Scaling Tor Metrics

25 Nov 2015

      -----BEGIN PGP SIGNED MESSAGE-----
Hash: SHA1

Hello devs,

the Tor Metrics website [0] claims to be "the primary place to learn
interesting facts about the Tor network" and invites its visitors who
"come across something that is missing" to contact the website authors
about it.  That's a bold statement I put there! :)

Yet, there's considerable product backlog with possible enhancements
[1] that doesn't seem to ever become shorter.  Even worse, it can be
expected that the backlog will refill quickly once the community
notices that feature requests are suddenly considered.  The main
reason for this unfortunate situation is that Tor Metrics contains
many moving parts, including some heavy database lifting that takes
place below the surface, that all want to be maintained.  Adding more
parts just makes the whole thing even more likely to break.  At the
same time, knowing about the situation that Tor Metrics has become
almost closed to contributions is painful.

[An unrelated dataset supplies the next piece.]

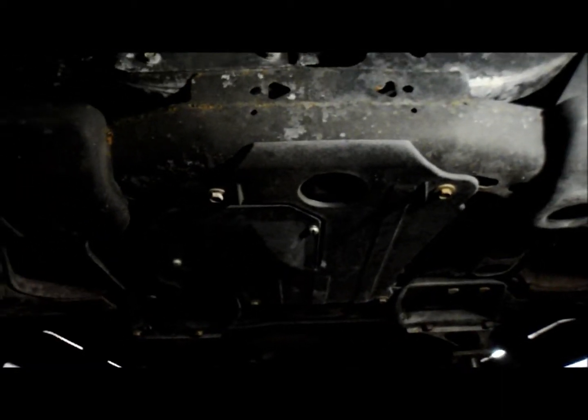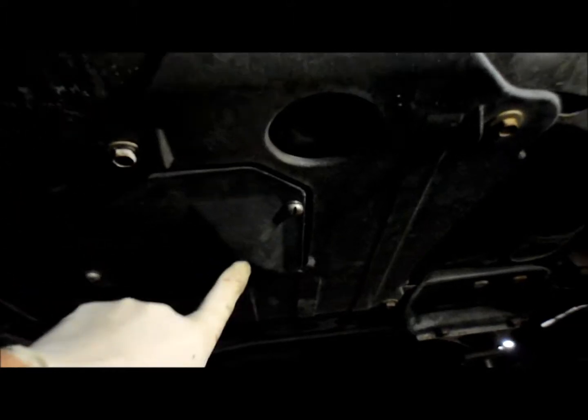This is how you change the oil on a 2005 Chevy Trailblazer. What we're going to do is take off this cover underneath the bottom of the truck, and there's a bolt right up here. I'll show you how it's done.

This posting shall discuss possible solutions.  The goal is to let Tor
Metrics grow in a healthy fashion that encourages contributions from
the community.  These solutions are not mutually exclusive, and the
best solution may use parts of more than one solution sketched out here.

 1 Make Tor Metrics better and bigger, internally

The obvious solution is that the maintainers of Tor Metrics could just
work harder to overcome the problems stated above.  Let's think this
through.

 1.1 Add more development resources

If only the current Tor Metrics maintainers had more time to devote to
cleaning up existing parts and to add new parts, that would solve our
problem.  They could refactor parts that are hard to maintain, and
they could work off the serious backlog that has piled up.  Of course,
this means dropping or handing over responsibilities for other
products, and it may mean finding (and paying) new developers to help
maintain Tor Metrics.  It's unclear whether anything like this would
fit into Tor's budget, and whether these changed priorities would make
users of tools that had to be dropped or handed over unhappy.

 1.2 Rewrite internal parts of Tor Metrics to encourage external
contributions

Most of Tor Metrics would have run 10 or 15 years ago with only minor
modifications.  It's not necessarily a bad thing to use established
technologies.  But maybe, if we rewrite it using modern
data-processing, web, and visualization frameworks, it becomes more
attractive to other developers to contribute code and help maintain
existing (well, then rewritten) code.  The result would be a larger
Tor Metrics website that is easier to maintain and hopefully
maintained by more people.  It's unclear how realistic this plan is,
though, and it requires attention by Tor Metrics maintainers to bring
it enough into shape for external contributors to get involved.

 2 Add more ways to contribute to Tor Metrics externally

It may be possible to further grow Tor Metrics without adding more
code to it, hence not making it any harder to maintain.  However, if
code to generate visualizations is run elsewhere, there's a certain
risk that results are not perceived as trustworthy as if that code
were run as part of Metrics.  This is primarily a problem of setting
user expectations right.  We could add different ways for contributing
to Tor Metrics, depending on the level of commitment that contributors
are willing to make.  Possible new ways (in addition to filing a Trac
ticket, which is already possible, though not very effective) are:

 2.1 Accept contribution of static data or static graphs

Somebody might contribute data (in a tarball, download link, etc.) or
a static graph (static as in "doesn't break, ever", not "static HTML
with a tiny amount of JavaScript that will surely never break").  The
Tor Metrics team reviews that and puts it on the Tor Metrics website,
together with a short description, author information, license, etc.
There are plenty of visualizations on Trac and on the mailing lists,
so we'll have to define criteria what we add and what not, and we'll
need a good process for making that happen.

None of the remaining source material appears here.